Of course these  additional state powers are not limited just to the police. Government departments such as Custom and Excise, the Scottish Drug Enforcement Agency and the Financial Services Authority are also routinely requesting information on internet and mobile phone customers. Even local authorities are entitled to snoop, for example, Last year, councils and government departments made 12,494 applications for “directed surveillance”, according to figures released by the Office of the Surveillance Commissioner. In one example, Poole Council authorised such a surveillance operation, where council workers subsequently spied on a family they suspected of living in the wrong school catchment area. This example truly places the whole thing into perspective.

The government wants to pry even further as it is trying to ensure that the next census, due in 2010 includes, for the first time, questions about income and people’s sexual habits. The supermarkets for example, are already tracing our buying habits through analysis of the ‘loyalty cards’ used by shoppers and of course, any information that is gathered and stored electronically must be released if required by a court order, or insom cases, depending on the government department, on demand. I won’t even bother covering the whole issue of ID cards.

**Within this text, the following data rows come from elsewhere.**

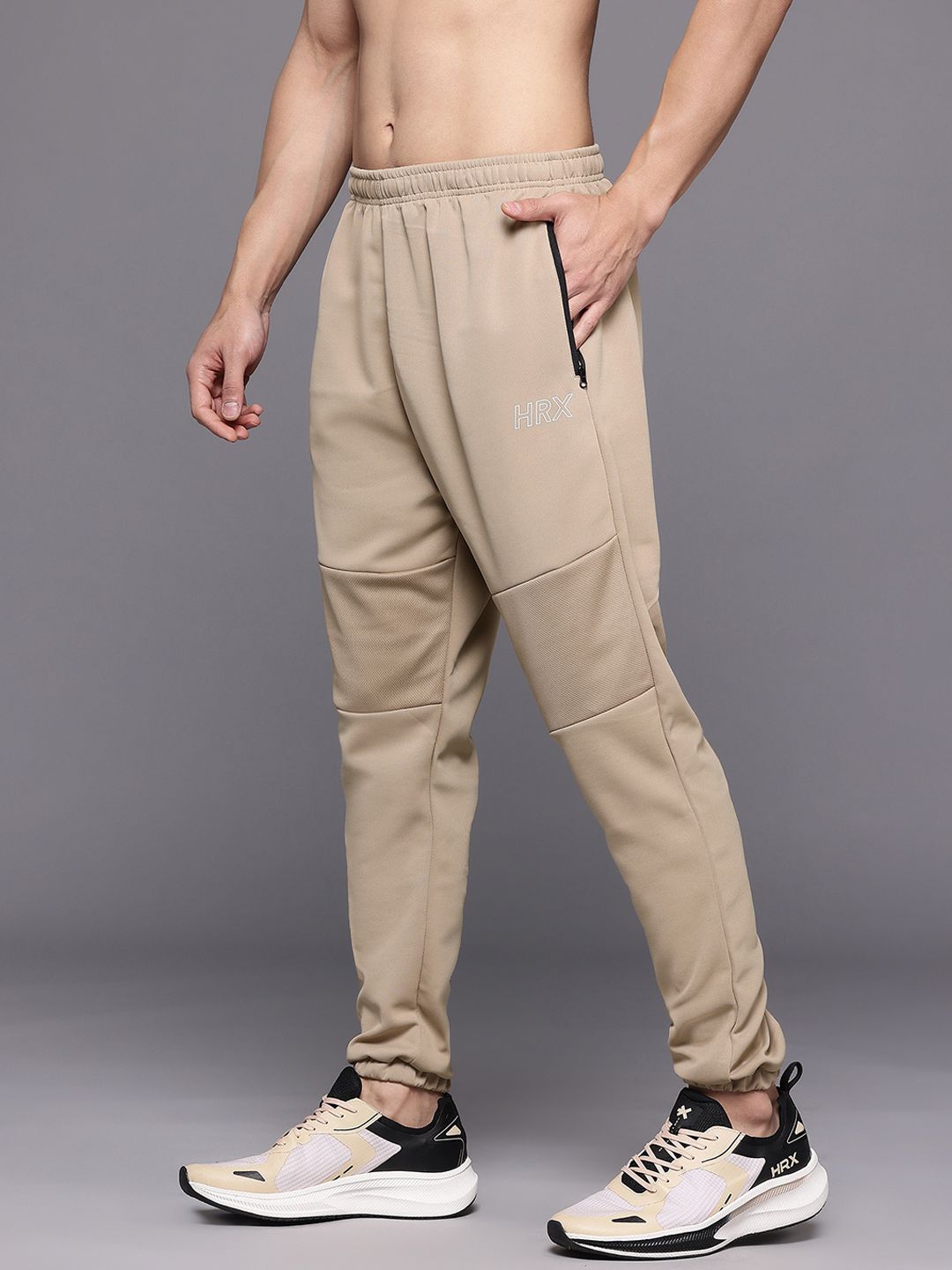 HRX by Hrithik Roshan Men Rapid-Dry Training Joggers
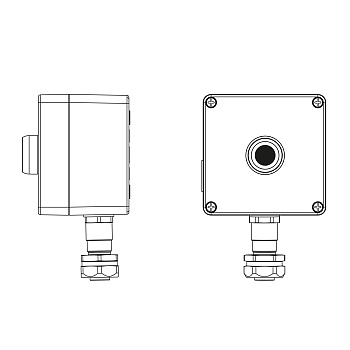 DKC CPE-A-12-(1xP1B(11))-1xKAEPM2MHK-20(C)1Ex d e IIC Т5 Gb / Ex tb IIIC T95°C Db IP66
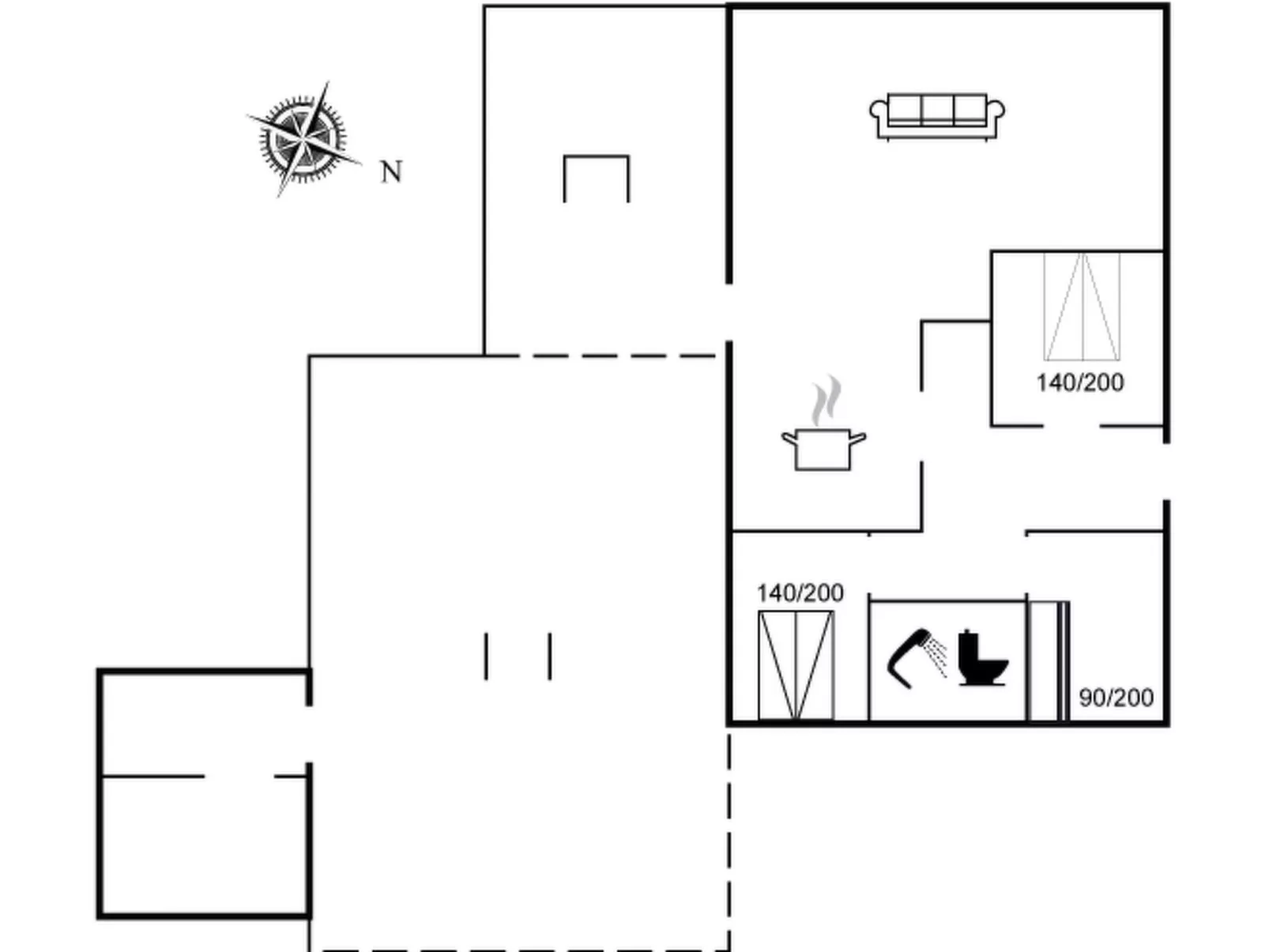 "Ali" - 500m from the sea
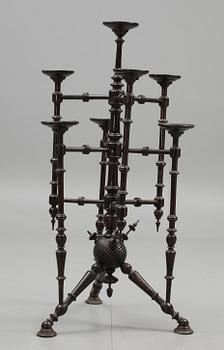 GOLVLJUSSTAKE, barockstil, 1800/1900-tal.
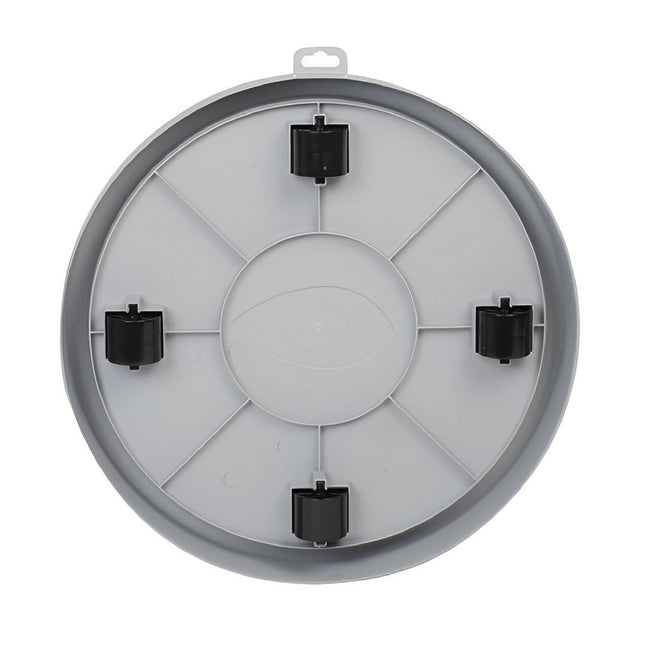 قاعدة قوار إيدا رولر 35 سم رمادي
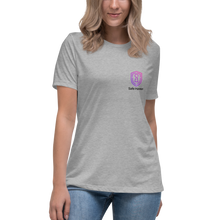 Load image into Gallery viewer, Women&#39;s Relaxed T-Shirt Light - Safe Haven Brandmark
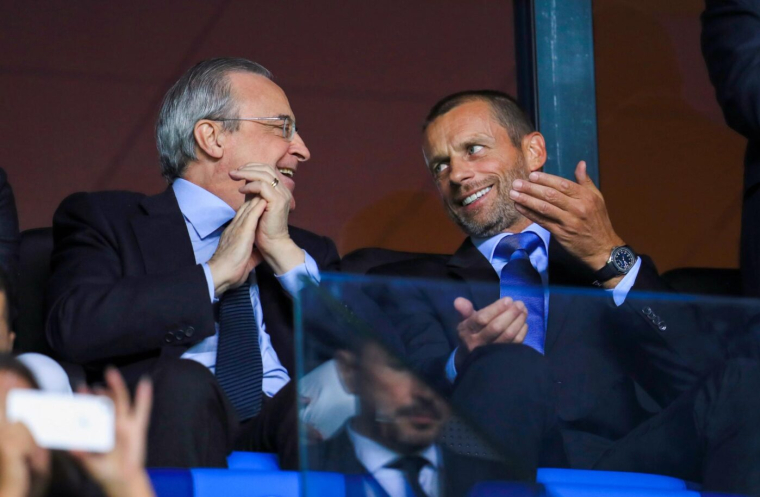 Le Real Madrid et la Superligue réclament plus de 4 milliards d’euros à l’UEFA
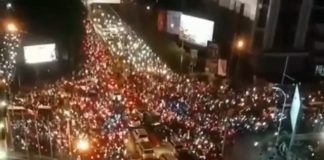 Separo Pontianak Macet Total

But can we trust our government? It is woth noting that in 2006, a ‘world league table’ was published for the first time placing the UK at the bottom of the western democratic world and ranked alongside Russia for the poor protection of individual privacy, this did not take into account data losses. Interestingly the two worst-ranking countries in the 36-nation survey are Malaysia and China. More tellingly, the UK was the worst-ranking EU country and the only one in the black category, which defines countries demonstrating “endemic surveillance”. Also noteworthy, according to the Royal Academy of Engineering, is the fact that it is proposed the biometric data on new passports is stored on radio frequency microchips. This is the same technology which will be used for ID cards and could be used to eavesdrop. RESIST!